Identification evidence — visual forms

Sections 116 and 165 Evidence Act 1995

[3-000] Introduction

The directions and warnings required in relation to evidence of identification are governed by ss 116 and 165 Evidence Act 1995 (“the Act”). The content of those directions, however, are taken mainly from common law cases such as Domican v The Queen (1992) 173 CLR 555 and R v Heuston (1995) 81 A Crim R 387.

Section 116 requires a direction to be given to the jury as to the special need for caution and the reasons for that caution in relation to identification evidence. Section 165(1)(b) requires that a warning be given where requested in relation to “identification evidence”.

One of the difficulties with this type of evidence is to determine when these sections apply having regard to the definition of “identification evidence” in the Dictionary to the Evidence Act.

[3-005] Admissibility

Admissibility of identification evidence is governed by Pt 3.9 of the Act. Sections 114 and 115 of the Act limit the admissibility of “visual identification evidence” and “picture identification evidence” respectively.

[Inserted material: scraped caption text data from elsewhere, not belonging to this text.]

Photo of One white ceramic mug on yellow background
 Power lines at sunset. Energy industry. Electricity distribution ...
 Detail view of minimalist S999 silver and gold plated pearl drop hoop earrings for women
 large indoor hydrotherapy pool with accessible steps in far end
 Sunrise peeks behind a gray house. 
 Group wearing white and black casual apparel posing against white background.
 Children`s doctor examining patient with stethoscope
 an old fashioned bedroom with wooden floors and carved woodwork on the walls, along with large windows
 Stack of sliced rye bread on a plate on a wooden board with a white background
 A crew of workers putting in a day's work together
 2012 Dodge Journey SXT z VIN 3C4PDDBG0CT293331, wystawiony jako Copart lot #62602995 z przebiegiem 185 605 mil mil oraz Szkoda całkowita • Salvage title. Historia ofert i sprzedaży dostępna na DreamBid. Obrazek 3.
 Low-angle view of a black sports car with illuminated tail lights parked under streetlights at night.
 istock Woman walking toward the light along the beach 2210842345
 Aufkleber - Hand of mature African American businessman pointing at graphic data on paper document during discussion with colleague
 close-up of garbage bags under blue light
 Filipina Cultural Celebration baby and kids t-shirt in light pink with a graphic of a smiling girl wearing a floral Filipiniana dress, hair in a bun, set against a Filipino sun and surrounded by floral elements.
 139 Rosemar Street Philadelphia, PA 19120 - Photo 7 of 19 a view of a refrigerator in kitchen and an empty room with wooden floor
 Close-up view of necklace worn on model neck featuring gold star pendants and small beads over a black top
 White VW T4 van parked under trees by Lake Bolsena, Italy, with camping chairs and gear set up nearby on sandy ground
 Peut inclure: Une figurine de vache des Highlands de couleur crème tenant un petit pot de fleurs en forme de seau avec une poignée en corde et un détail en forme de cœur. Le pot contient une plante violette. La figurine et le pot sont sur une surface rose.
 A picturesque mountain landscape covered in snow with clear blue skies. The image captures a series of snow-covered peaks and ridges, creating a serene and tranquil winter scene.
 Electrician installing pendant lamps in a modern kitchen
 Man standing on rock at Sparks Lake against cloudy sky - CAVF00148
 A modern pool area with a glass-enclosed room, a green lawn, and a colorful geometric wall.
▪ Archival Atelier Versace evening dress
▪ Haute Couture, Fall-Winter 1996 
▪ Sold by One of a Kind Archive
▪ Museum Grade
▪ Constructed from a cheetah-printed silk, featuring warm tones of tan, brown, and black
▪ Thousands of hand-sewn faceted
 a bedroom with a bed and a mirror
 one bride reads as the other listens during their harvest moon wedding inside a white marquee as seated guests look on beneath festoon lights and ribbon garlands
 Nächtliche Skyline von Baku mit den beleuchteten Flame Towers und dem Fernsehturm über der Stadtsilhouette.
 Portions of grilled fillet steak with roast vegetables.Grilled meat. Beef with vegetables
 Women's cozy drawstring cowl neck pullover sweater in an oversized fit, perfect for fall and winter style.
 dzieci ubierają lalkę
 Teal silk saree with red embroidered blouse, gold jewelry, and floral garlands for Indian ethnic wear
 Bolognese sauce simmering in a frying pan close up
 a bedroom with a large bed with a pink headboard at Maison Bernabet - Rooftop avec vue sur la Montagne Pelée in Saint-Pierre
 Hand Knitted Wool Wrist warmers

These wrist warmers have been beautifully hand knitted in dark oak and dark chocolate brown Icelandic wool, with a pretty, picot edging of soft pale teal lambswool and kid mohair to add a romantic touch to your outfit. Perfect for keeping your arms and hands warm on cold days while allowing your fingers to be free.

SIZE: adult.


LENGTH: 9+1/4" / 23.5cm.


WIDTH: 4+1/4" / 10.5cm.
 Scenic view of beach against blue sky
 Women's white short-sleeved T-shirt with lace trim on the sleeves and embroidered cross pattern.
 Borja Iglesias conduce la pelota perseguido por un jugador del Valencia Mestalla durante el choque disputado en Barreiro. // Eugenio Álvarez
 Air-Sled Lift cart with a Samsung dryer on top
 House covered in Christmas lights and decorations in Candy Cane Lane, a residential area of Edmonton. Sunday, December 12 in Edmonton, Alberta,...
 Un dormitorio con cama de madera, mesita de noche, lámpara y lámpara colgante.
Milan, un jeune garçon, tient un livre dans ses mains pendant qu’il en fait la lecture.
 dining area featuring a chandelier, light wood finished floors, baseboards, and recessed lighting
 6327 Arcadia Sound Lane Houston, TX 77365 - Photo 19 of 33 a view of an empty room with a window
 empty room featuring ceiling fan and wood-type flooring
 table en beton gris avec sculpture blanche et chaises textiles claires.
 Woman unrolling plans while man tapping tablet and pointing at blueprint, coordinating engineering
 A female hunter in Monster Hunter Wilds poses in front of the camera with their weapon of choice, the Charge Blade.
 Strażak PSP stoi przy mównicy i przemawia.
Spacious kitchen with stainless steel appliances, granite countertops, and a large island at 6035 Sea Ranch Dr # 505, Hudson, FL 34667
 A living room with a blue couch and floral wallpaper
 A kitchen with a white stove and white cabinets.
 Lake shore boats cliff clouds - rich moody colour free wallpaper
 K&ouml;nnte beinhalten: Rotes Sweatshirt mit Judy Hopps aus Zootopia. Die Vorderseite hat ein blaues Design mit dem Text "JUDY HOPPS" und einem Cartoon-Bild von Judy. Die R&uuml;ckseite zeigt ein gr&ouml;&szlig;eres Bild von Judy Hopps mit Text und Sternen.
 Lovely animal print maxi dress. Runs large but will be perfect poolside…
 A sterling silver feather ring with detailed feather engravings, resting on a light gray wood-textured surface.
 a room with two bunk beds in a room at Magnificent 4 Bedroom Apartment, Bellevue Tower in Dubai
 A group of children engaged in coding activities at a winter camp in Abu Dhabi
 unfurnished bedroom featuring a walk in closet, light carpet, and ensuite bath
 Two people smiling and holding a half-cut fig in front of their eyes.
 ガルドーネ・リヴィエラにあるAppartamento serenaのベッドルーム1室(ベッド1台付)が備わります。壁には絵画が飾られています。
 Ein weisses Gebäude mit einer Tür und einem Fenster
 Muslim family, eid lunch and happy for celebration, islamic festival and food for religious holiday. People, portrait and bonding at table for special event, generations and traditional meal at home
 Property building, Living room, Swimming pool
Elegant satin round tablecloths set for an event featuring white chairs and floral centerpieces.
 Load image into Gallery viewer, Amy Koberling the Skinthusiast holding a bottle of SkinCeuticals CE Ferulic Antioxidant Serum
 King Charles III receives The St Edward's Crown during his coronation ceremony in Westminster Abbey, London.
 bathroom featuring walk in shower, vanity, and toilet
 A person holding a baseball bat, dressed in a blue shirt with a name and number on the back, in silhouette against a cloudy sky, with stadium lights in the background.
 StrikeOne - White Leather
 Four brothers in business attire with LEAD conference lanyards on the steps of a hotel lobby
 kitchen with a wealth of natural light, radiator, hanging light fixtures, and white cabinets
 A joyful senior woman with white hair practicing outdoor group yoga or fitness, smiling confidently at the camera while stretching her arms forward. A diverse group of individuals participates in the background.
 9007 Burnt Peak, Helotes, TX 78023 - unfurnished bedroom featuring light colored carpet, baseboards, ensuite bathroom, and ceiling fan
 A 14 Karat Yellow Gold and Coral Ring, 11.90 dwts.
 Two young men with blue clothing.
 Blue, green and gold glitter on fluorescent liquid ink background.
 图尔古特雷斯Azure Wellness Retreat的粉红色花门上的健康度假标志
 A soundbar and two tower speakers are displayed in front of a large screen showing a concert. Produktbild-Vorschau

See generally Uniform Evidence Law at [1.3.9400] and Criminal Practice and Procedure NSW at [3-s 114]ff.

[3-010] Terminology

By reason of the definition of “identification evidence” for the purposes of the Act, only direct evidence identifying the accused falls within s 116 of the Act. Therefore, circumstantial evidence that indirectly identifies the accused as the offender does not fall within the provisions of the Act: Trudgett v R (2008) 70 NSWLR 696 at [38], [50]. Nor does the Act apply where there is no issue about the accused’s identification: Dhanhoa v The Queen (2003) 217 CLR 1.

Visual identification evidence — identification based wholly or partly on what a person saw but does not include picture identification evidence: s 114(1).

Picture identification evidence — identification made wholly or partly by a person examining pictures kept for the use of police officers. Picture identification evidence is not admissible if the picture suggests that the subject is in police custody: s 115(2). As to the dangers associated with identification by photographs, see Festa v The Queen (2001) 208 CLR 593 at [22].

Resemblance evidence — evidence to the effect that the offender “looked like” or “sounded like” the accused. It is not sufficient to sustain a conviction but is admissible as part of a circumstantial case: Pitkin v The Queen (1995) 69 ALJR 612; R v Cohen [2002] NSWCCA 339. Such evidence falls within the definition of “identification evidence” in the Dictionary of the Act and ss 116 and 165.

Recognition evidence — evidence where the offender is purportedly recognised as the accused by someone who knows or is familiar with the accused eg a family member. It falls within the scope of “identification evidence” for the purposes of the Act: see Trudgett v R, above.

Opinion evidence — evidence of identification, particularly of a voice, can be given as a type of expert evidence. The distinction between opinion and identification evidence is often difficult to determine. See Smith v The Queen (2001) 206 CLR 650 at [15-[16] and R v Marsh [2005] NSWCCA 331. Opinion evidence may or may not be relevant or admissible but it does not fall within “identification evidence” for the purposes of the Act.

Descriptive evidence — evidence in the form of a description of the offender. It is not within the scope of “identification evidence”, but may warrant a warning in a particular case: Collins v R [2006] NSWCCA 162.

In-court identification — evidence of identification of the accused as the offender by a witness giving evidence. It is subject to exclusion under s 114 of the Act: R v Tahere [1999] NSWCCA 179 at [27], [32]; Walford v DPP (NSW) [2012] NSWCA 290. If such evidence is given, the judge should immediately direct the jury that it is of no evidentiary value on the issue of the guilt of the accused: Aslett v R [2009] NSWCCA 188 at [56].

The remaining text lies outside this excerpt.